Papua New Guinea: Offshore detention center used by Australia to close

(CNN)Papua New Guinea plans to shut down an offshore migrants’ detention center used by Australia after a top court ruled it as unconstitutional.

A ruling by Papua New Guinea’s Supreme Court on Tuesday declared the Manus regional processing center as illegal.
    In response to the ruling, the nation’s Prime Minister Peter O’Neill announced that he will ask Australia to seek other options for detainees at the offshore center in the Pacific island nation.
    “Respecting this ruling, Papua New Guinea will immediately ask the Australian government to make alternative arrangements for the asylum seekers currently held at the regional processing center,” Prime Minister Peter O’Neill said in a statement.
    “We did not anticipate the asylum seekers to be kept as long as they have at the Manus center.”
    Around 900 men are in the detention center on the Papua New Guinea island, according to Australian immigration authorities.
    O’Neill said Papua New Guinea would welcome “legitimate” refugees to settle in the Pacific island nation.
    While acknowledging the economy would suffer as a result of the closure, he pledged to work with Australia to ensure business owners would be taken care of. Negotiations with Australia will determine the time frame of the closure.
    He also said he was proud of the part Papua New Guinea played in stopping deaths caused by the people-smuggling trade.
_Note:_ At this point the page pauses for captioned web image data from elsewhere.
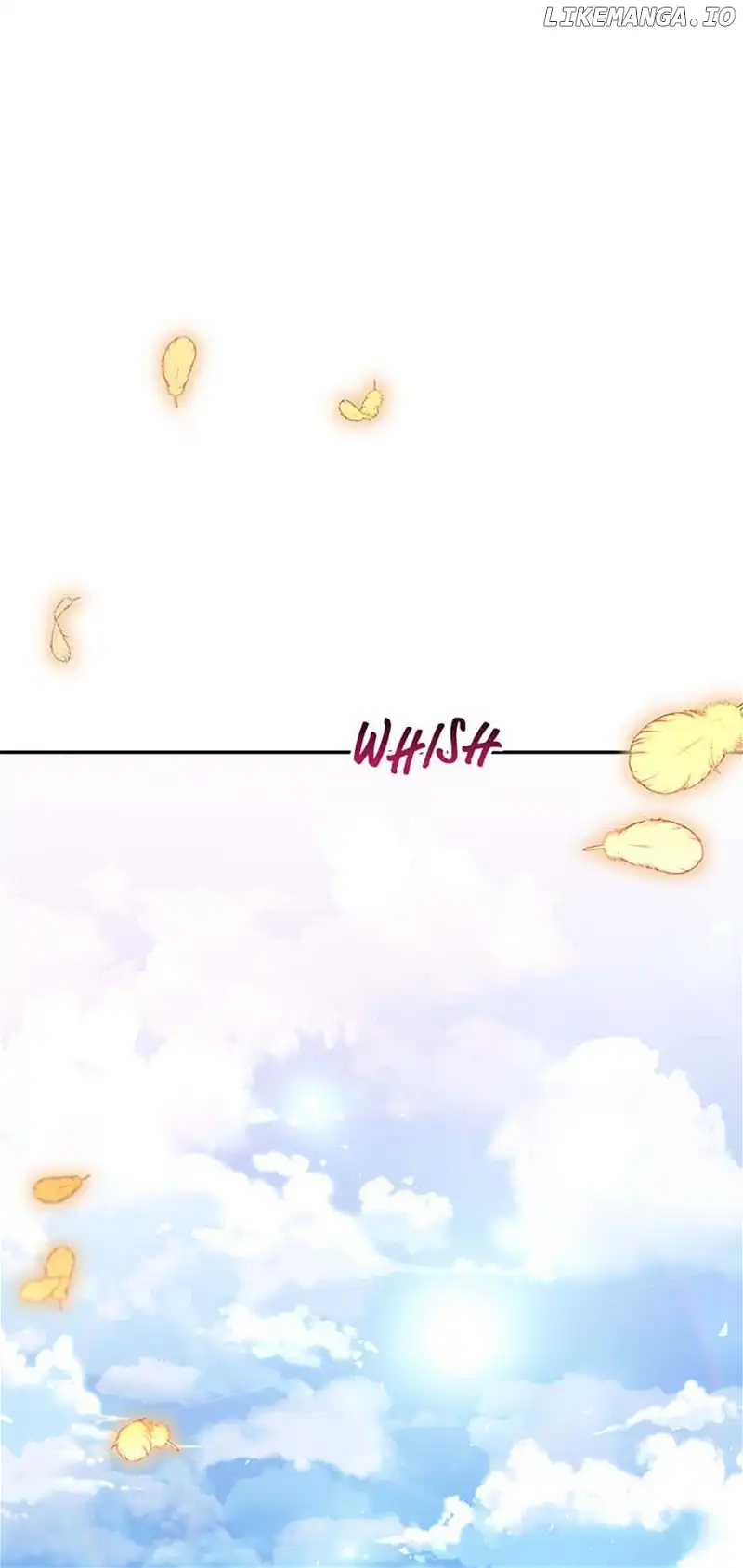 My younger brother forces my flower path chapter 90 page 45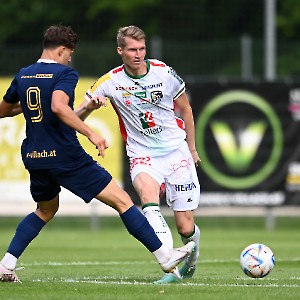 ATUS Velden - RZ Pellets WAC (30.06.2023)
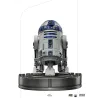STAR WARS - R2-D2 - Statuette  ArtScale 1/10 13cm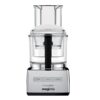 מעבד מזון Magimix מג'ימיקס CS5200JXL Premium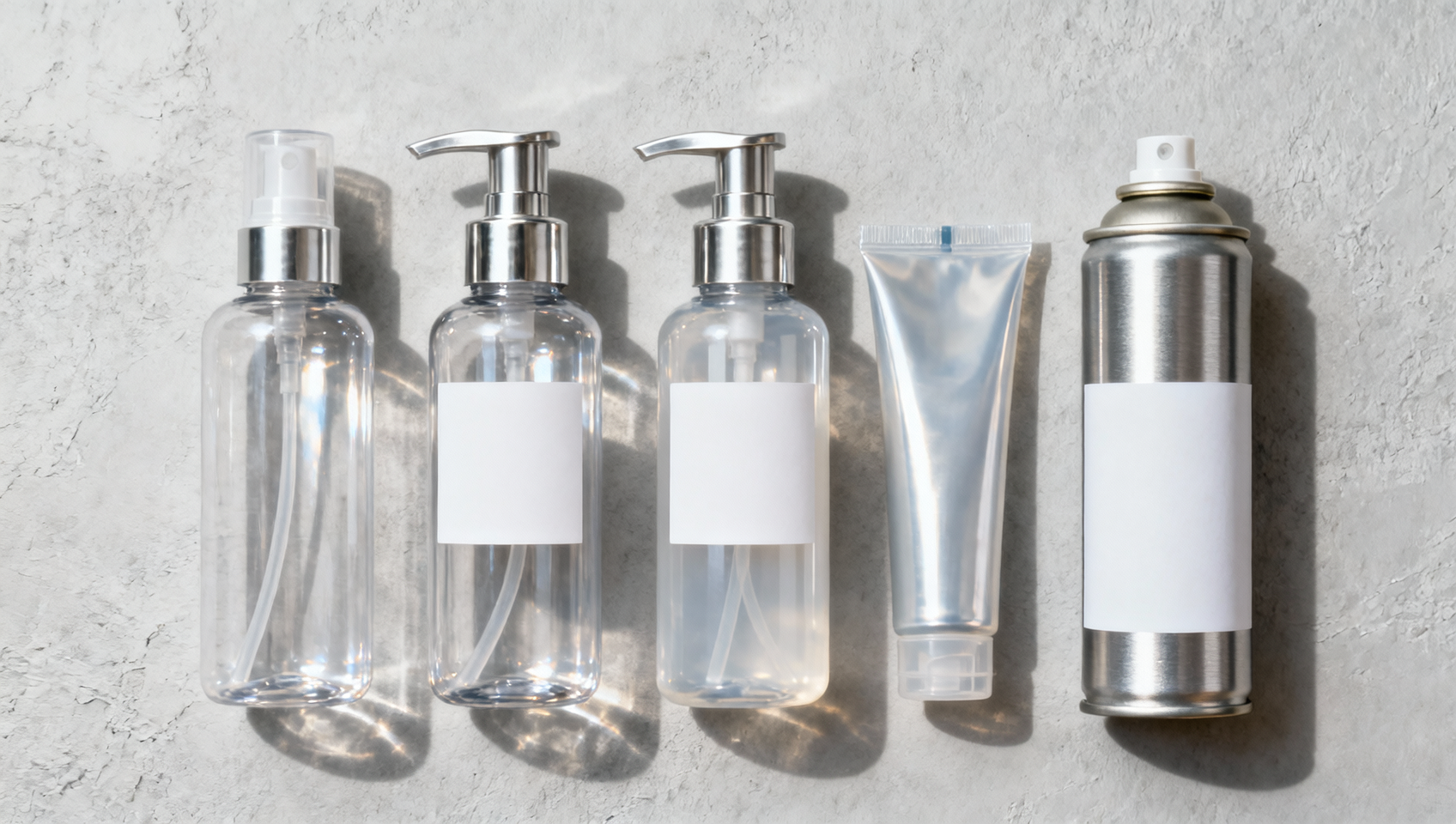 FDA Requires Independent VCRP Registration for Cosmetic Packaging as of Apr 21, 2026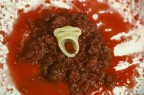 in sugo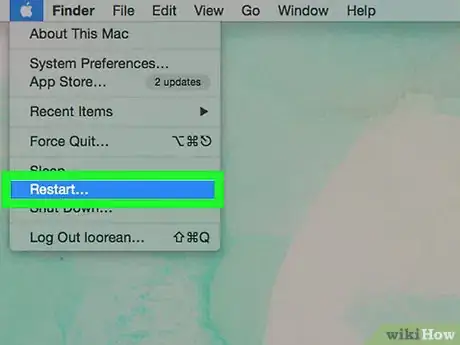 Image titled Uninstall Advanced Mac Cleaner Step 6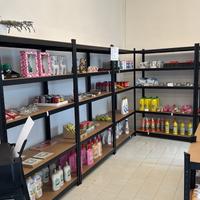 Tutto e di piu per la casa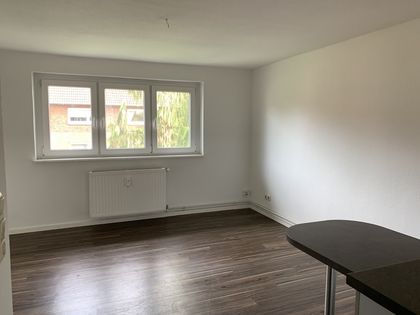 3 Zimmer Wohnung Mieten Hamburg Tonndorf Bei Immonet De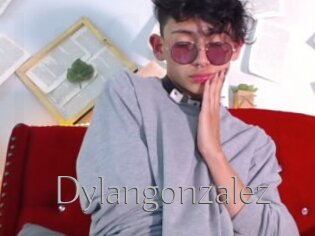 Dylangonzalez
    On Twitter, Greens Sen. Sarah Hanson-Young said: “It is well time to close these awful detention camps on Manus (and) Nauru and start treating people like human beings. Anything less is senseless.”
    Daniel Webb, director of legal advocacy at the Human Rights Law Center, said that the conditions on Manus were “incredibly harmful.”
    “We’ve known it’s cruel, we’ve known it’s inhumane, today’s judgment confirms it’s illegal.”
    He added that Tuesday’s ruling should be a “wake up call” to the Australian government.
    “Legally there may be a few ways to respond,” said Aurora Adams, a human rights campaigner at Get Up.
    “Morally there is only one option, the camps must be closed.”
    She described Dutton’s statement as “highly disappointing,” adding that there was a clear popular mandate within Australia for the government to change its policy.